• Uji Nyali Internasional: Serangan terhadap personel PBB sering kali digunakan oleh aktor lapangan untuk menguji sejauh mana komunitas internasional akan bereaksi atau memberikan tekanan diplomatik.

  • Krisis Otoritas: Lemahnya kontrol pemerintah pusat di beberapa wilayah perbatasan membiarkan kelompok-kelompok non-negara bertindak tanpa rasa takut akan konsekuensi hukum domestik.

  • Dampak terhadap Mandat UNIFIL

    Komponen Dampak Serangan
    Operasional Patroli rutin terpaksa dikurangi atau dibatasi, menurunkan efektivitas pengawasan wilayah.
    Diplomasi Meningkatnya tekanan pada Dewan Keamanan PBB untuk mengevaluasi aturan pelibatan (Rules of Engagement).
    Psikologis Tekanan mental bagi negara-negara kontributor pasukan (TCC), termasuk Indonesia yang merupakan salah satu penyumbang pasukan terbesar.

    Pelanggaran Hukum Internasional

    Secara hukum, serangan terhadap personel pasukan perdamaian adalah pelanggaran berat terhadap hukum humaniter internasional. Berdasarkan Statuta Roma, dengan sengaja mengarahkan serangan terhadap personel, instalasi, material, unit, atau kendaraan yang terlibat dalam misi bantuan kemanusiaan atau misi perdamaian sesuai dengan Piagam PBB dapat dikategorikan sebagai kejahatan perang.

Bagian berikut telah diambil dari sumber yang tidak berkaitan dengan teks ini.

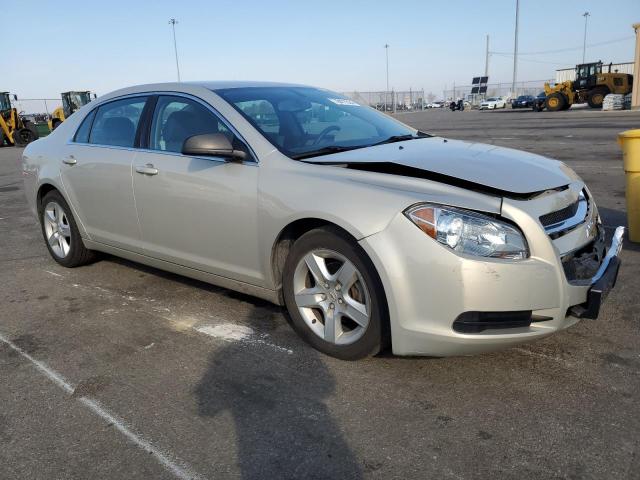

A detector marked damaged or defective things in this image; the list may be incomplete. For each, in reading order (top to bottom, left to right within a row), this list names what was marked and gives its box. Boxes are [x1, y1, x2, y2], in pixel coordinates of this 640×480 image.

    Juru bicara PBB di New York telah berulang kali menegaskan bahwa keselamatan "helm biru" adalah prioritas utama. Negara-negara kontributor pasukan mendesak investigasi transparan dan menuntut agar aktor-aktor di balik serangan tersebut dimintai pertanggungjawaban.

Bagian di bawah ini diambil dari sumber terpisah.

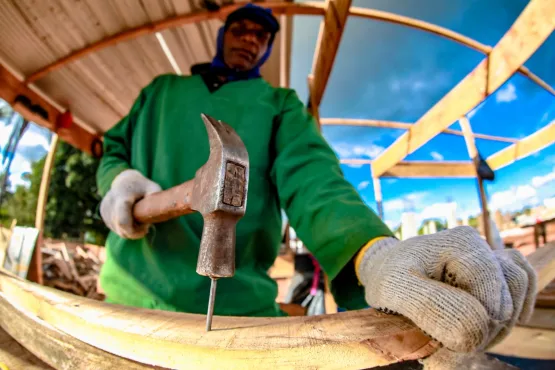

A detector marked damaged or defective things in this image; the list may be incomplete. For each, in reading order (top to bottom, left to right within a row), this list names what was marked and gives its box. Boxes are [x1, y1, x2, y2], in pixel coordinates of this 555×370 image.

rusty hammer face [132, 113, 248, 280]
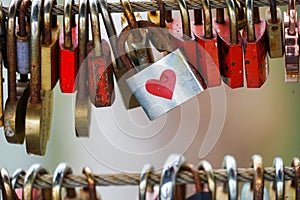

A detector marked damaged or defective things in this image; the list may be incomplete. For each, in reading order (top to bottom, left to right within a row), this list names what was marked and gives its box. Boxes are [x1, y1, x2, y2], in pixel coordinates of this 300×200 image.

rusty padlock [3, 0, 30, 144]
rusty padlock [25, 0, 52, 155]
rusty padlock [59, 0, 78, 93]
rusty padlock [88, 0, 115, 107]
rusty padlock [98, 0, 141, 108]
rusty padlock [122, 21, 206, 120]
rusty padlock [191, 0, 221, 87]
rusty padlock [213, 0, 244, 88]
rusty padlock [243, 3, 268, 87]
rusty padlock [264, 0, 284, 57]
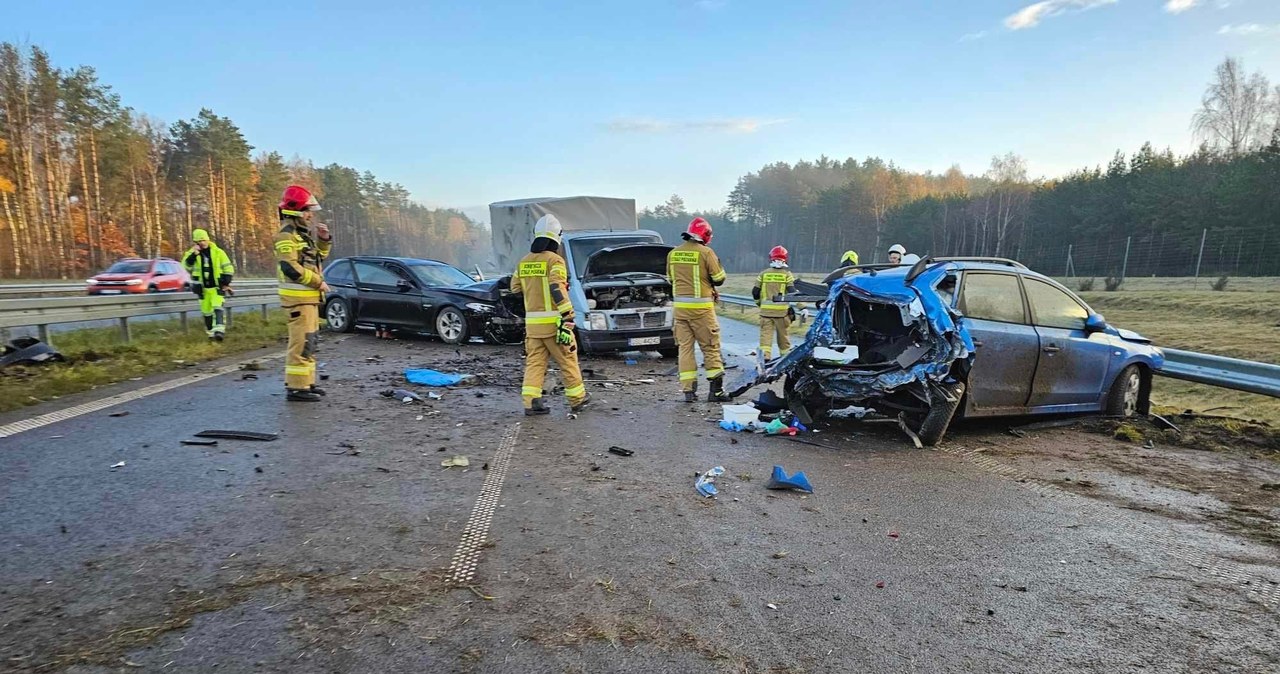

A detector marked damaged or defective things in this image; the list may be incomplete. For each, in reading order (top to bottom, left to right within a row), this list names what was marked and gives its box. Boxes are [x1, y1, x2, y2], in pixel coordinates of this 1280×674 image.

wrecked blue car [732, 258, 1162, 447]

    Dunia internasional kini khawatir jika serangan-serangan ini terus berlanjut, misi UNIFIL yang telah menjaga stabilitas relatif sejak 2006 bisa berada di ambang kolaps, yang akan memicu perang terbuka berskala besar di Lebanon Selatan.

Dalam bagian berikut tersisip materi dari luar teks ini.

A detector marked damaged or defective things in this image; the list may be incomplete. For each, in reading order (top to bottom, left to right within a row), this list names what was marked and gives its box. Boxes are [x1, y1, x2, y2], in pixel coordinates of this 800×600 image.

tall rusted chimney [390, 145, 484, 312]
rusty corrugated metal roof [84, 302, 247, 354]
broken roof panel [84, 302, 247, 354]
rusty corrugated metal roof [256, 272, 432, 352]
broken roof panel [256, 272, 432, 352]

    Serangan terbaru terhadap pasukan perdamaian di Lebanon adalah pengingat keras bahwa diplomasi tanpa perlindungan keamanan yang kuat sangatlah rapuh. Selama pihak-pihak yang bertikai tidak menghormati zona netral dan mandat PBB, maka stabilitas di Timur Tengah akan tetap menjadi fatamorgana.